### RECORD EXTRACTS
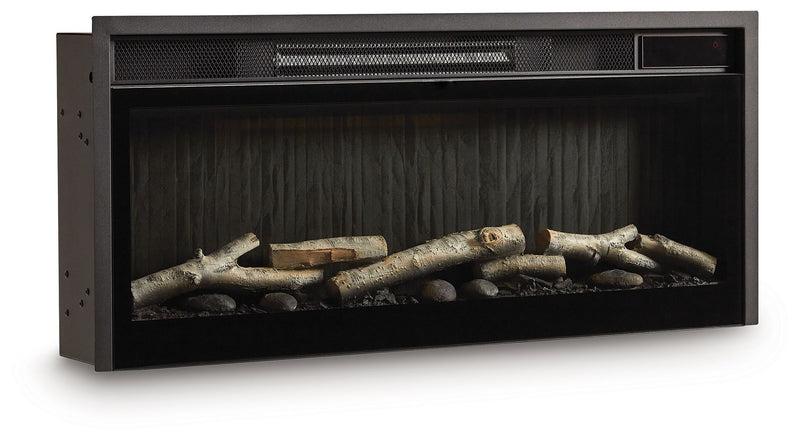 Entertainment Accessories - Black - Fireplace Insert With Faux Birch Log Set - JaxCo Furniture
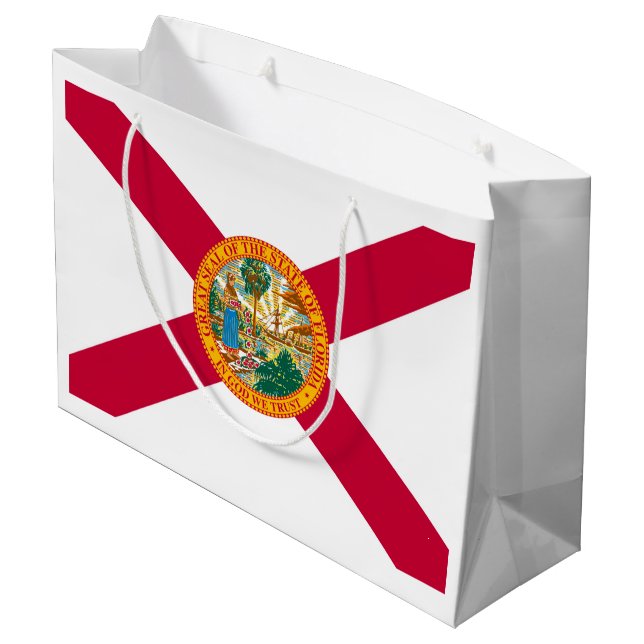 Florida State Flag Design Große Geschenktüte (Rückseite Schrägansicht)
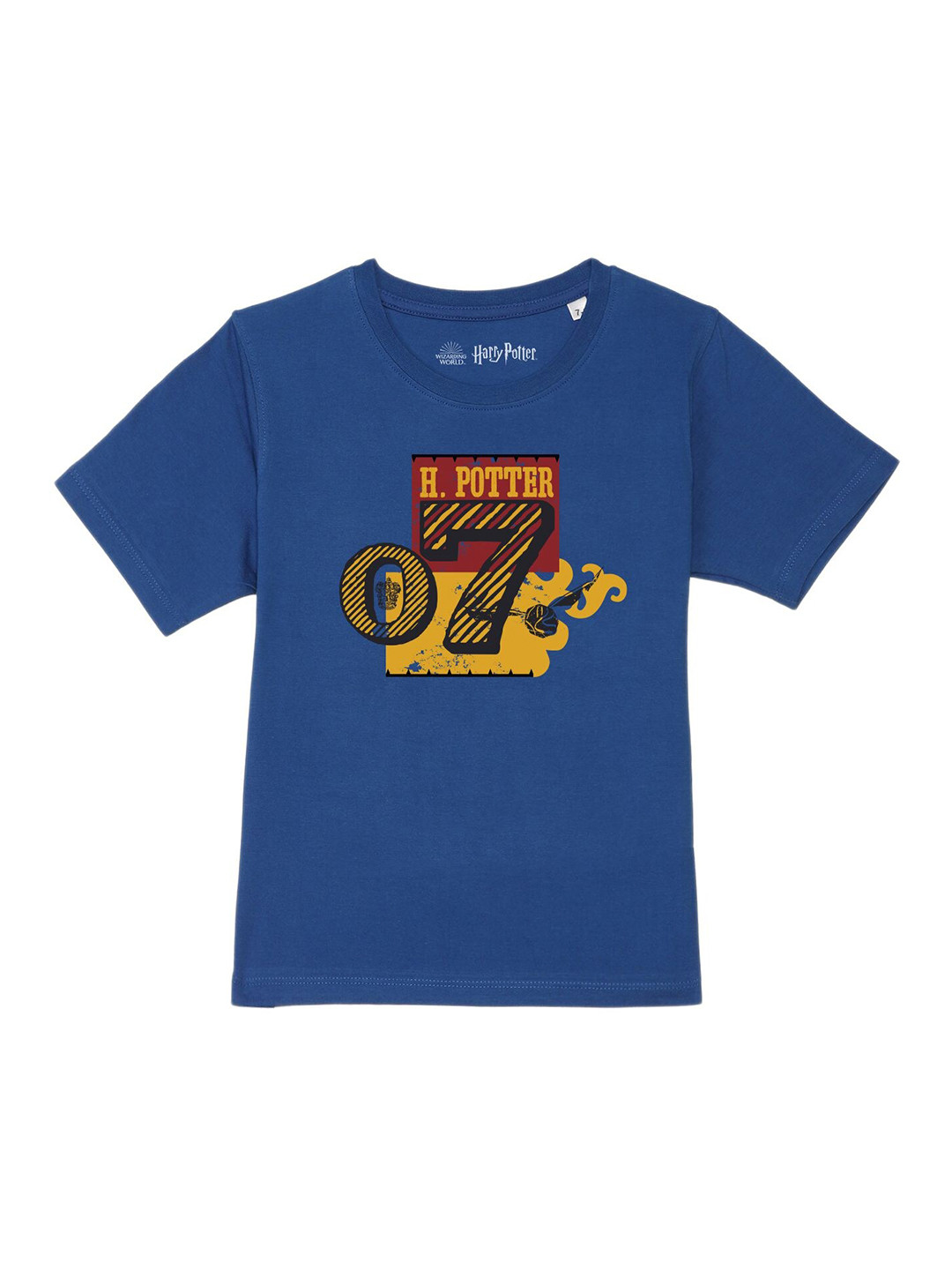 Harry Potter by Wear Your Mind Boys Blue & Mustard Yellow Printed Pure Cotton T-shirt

...

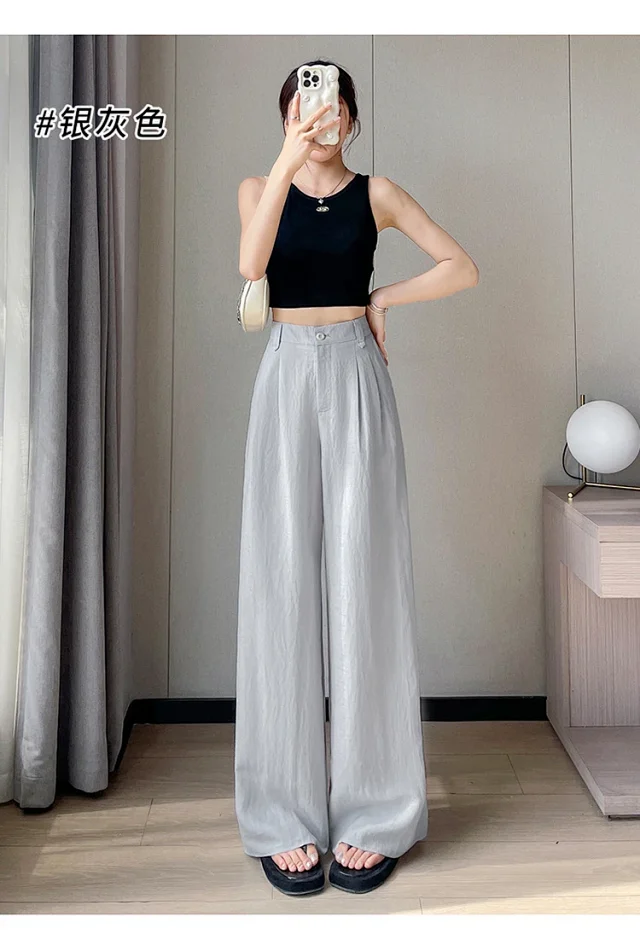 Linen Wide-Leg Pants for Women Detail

### WORK TO BE COMPLETED
What are the lines in the records above, word for word, from the one containing "Entertainment Accessories - Black" through the one containing "Harry Potter by", both ends included and pictures left out?

### TASK OUTPUT
 Entertainment Accessories - Black - Fireplace Insert With Faux Birch Log Set - JaxCo Furniture
 Florida State Flag Design Große Geschenktüte (Rückseite Schrägansicht)
 Harry Potter by Wear Your Mind Boys Blue & Mustard Yellow Printed Pure Cotton T-shirt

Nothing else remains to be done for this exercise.